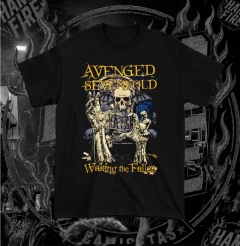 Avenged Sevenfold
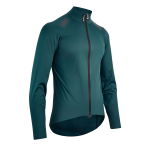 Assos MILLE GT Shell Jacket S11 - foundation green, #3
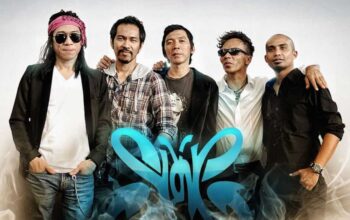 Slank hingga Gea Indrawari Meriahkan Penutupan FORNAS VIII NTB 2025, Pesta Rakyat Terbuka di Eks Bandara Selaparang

==

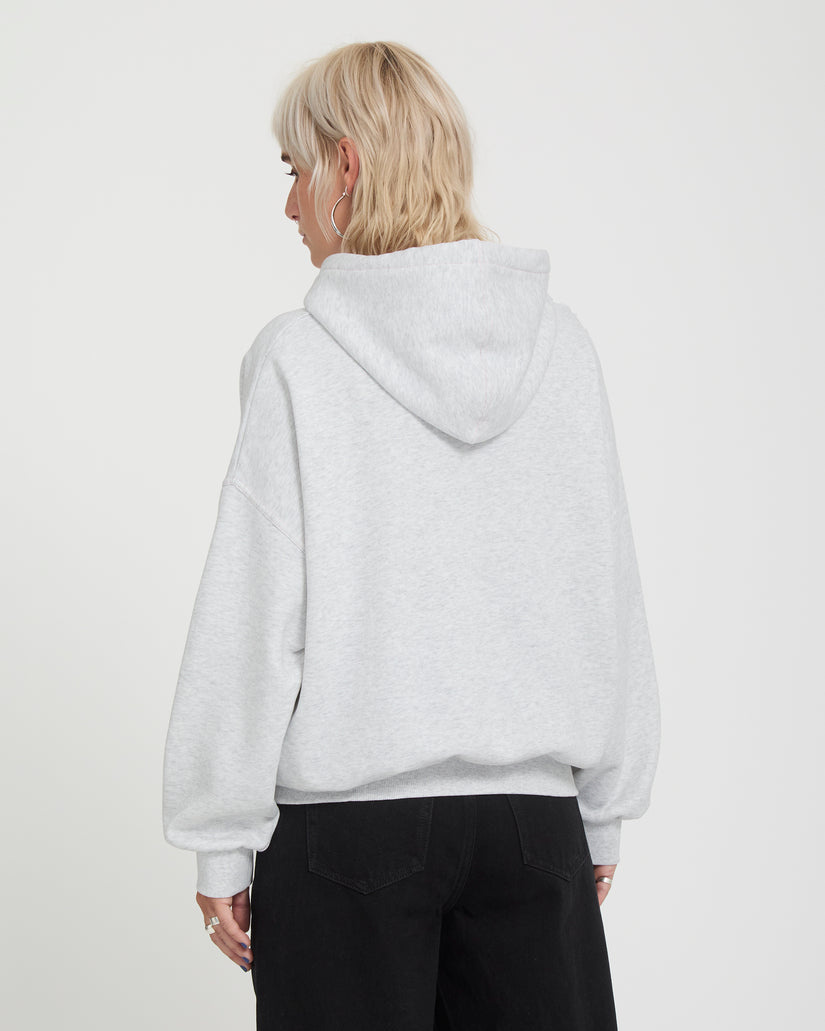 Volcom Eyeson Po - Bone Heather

> Activity
Nothing except the lines from the one containing "Assos MILLE GT" through the one containing "Slank hingga Gea" should appear in the answer, exactly as above and without pictures.

> Answer to this problem
 Assos MILLE GT Shell Jacket S11 - foundation green, #3
 Slank hingga Gea Indrawari Meriahkan Penutupan FORNAS VIII NTB 2025, Pesta Rakyat Terbuka di Eks Bandara Selaparang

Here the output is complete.